⟨

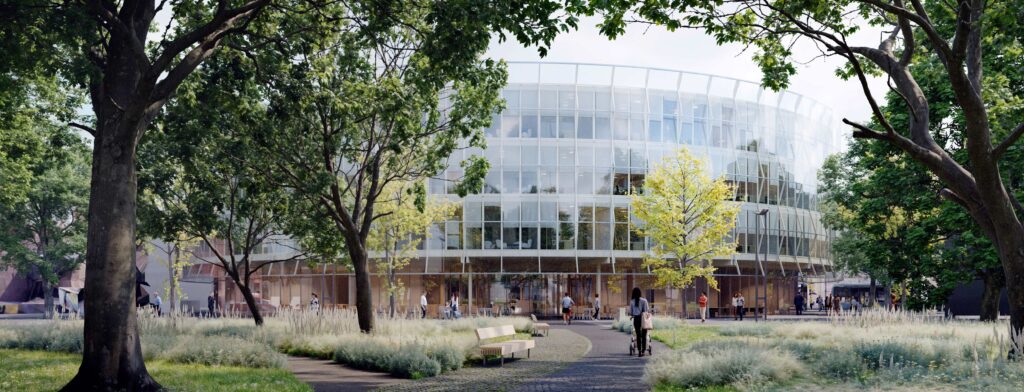 Pohled na vstup do budovy směrem z Masarykova náměstí.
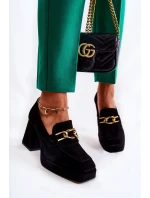 Semišové lodičky s ozdobným řetízkem Laura Messi 2444 černá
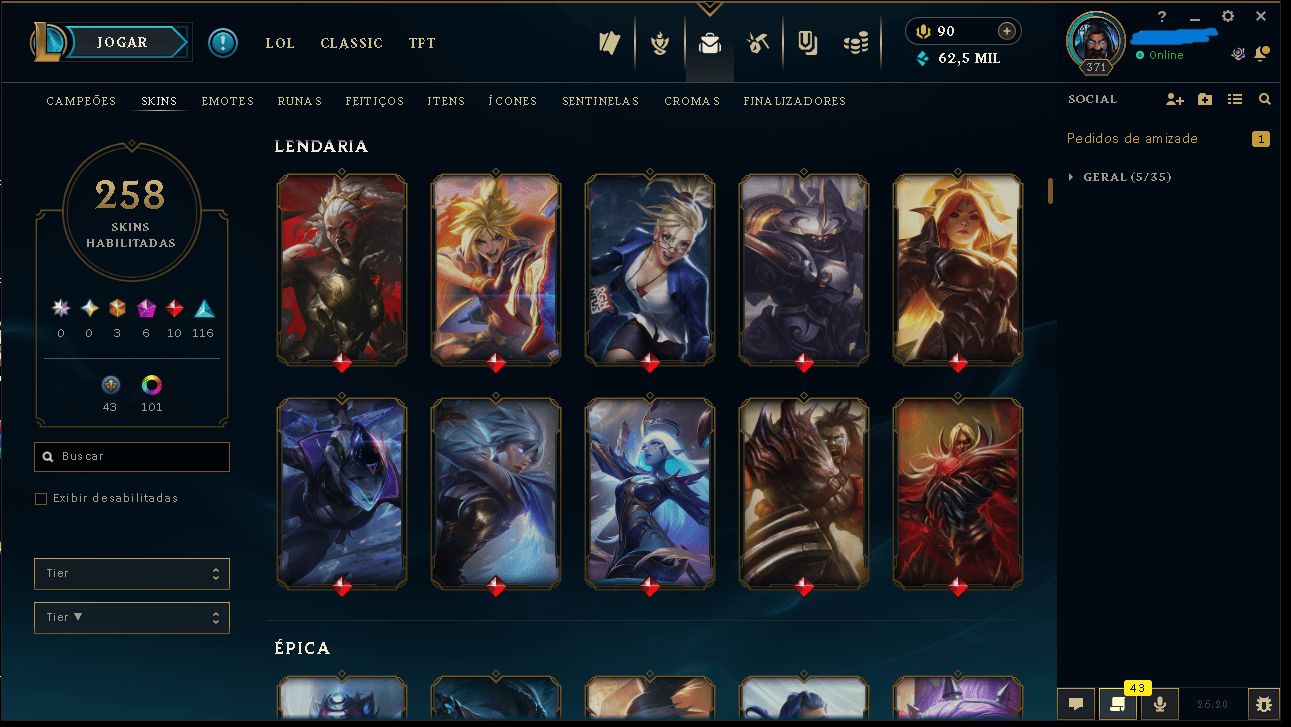 Conta LoL Diamante 1 | Mestre+ desde 2020 | Dono Único + Dados de Criação
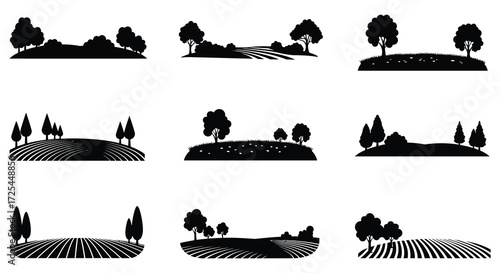Silhouette collection of trees and rolling hills in a black and white design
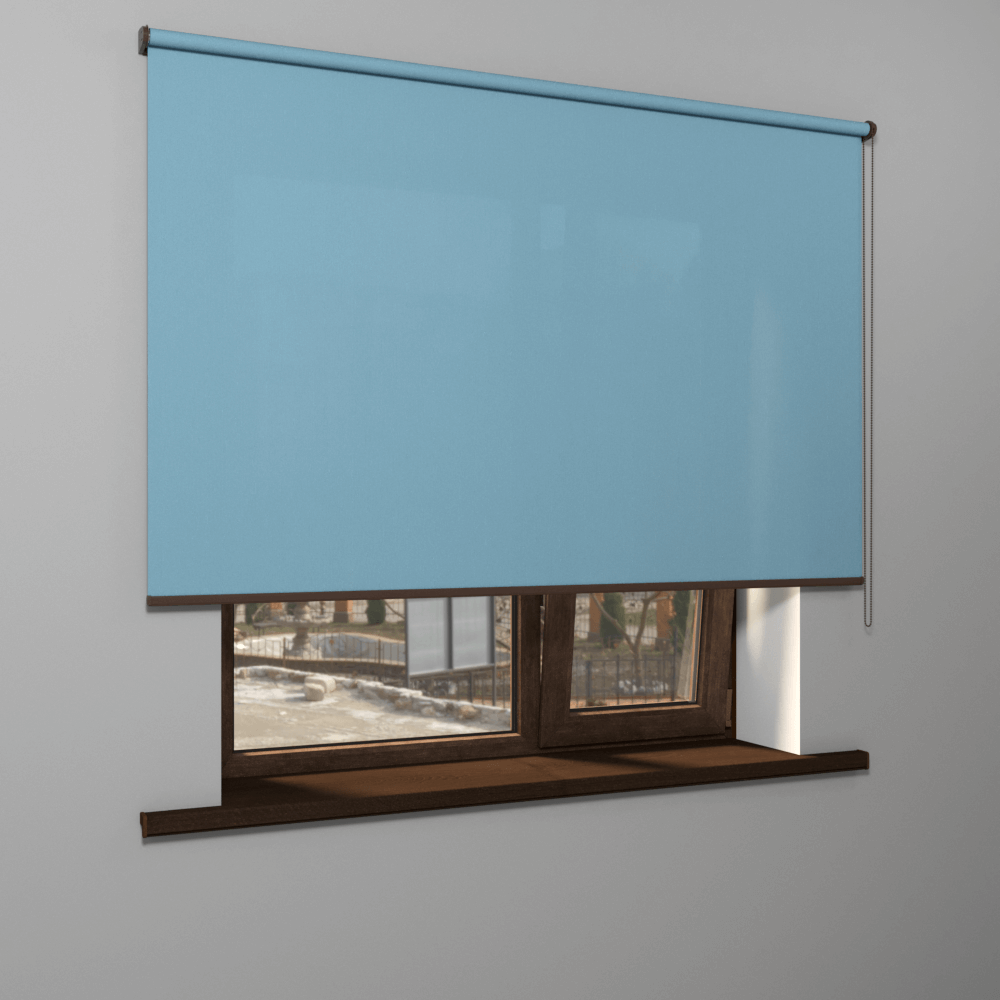 Рулонная штора «MGS» фурнитура Коричневая. Ткань коллекции «Плэин» Небесный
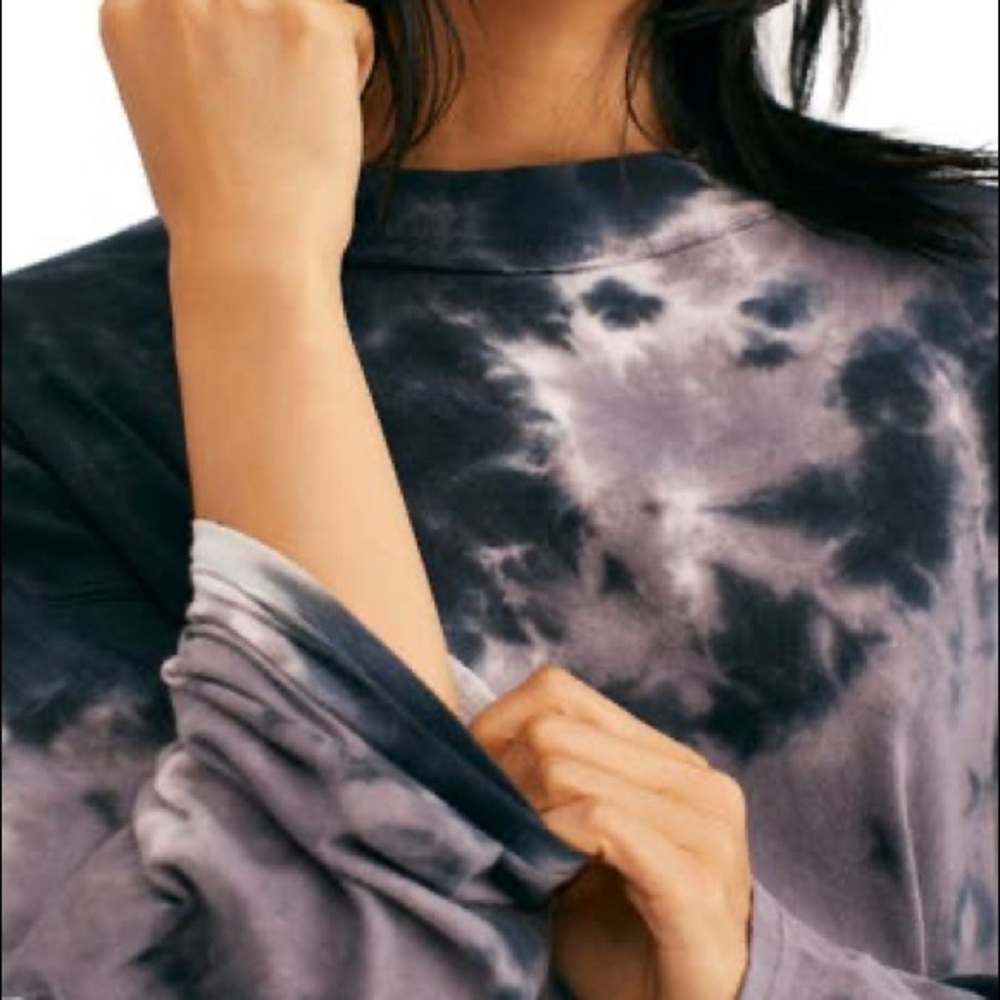 We the Free - charcoal Be Free Tie Dye Oversize Long Sleeve T-Shirt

⟩

Your task: Please retype exactly the lines from the one containing "Semišové lodičky s" through the last line of the records, both included, leaving out every picture.

Result of this task:
 Semišové lodičky s ozdobným řetízkem Laura Messi 2444 černá
 Conta LoL Diamante 1 | Mestre+ desde 2020 | Dono Único + Dados de Criação
Silhouette collection of trees and rolling hills in a black and white design
 Рулонная штора «MGS» фурнитура Коричневая. Ткань коллекции «Плэин» Небесный
 We the Free - charcoal Be Free Tie Dye Oversize Long Sleeve T-Shirt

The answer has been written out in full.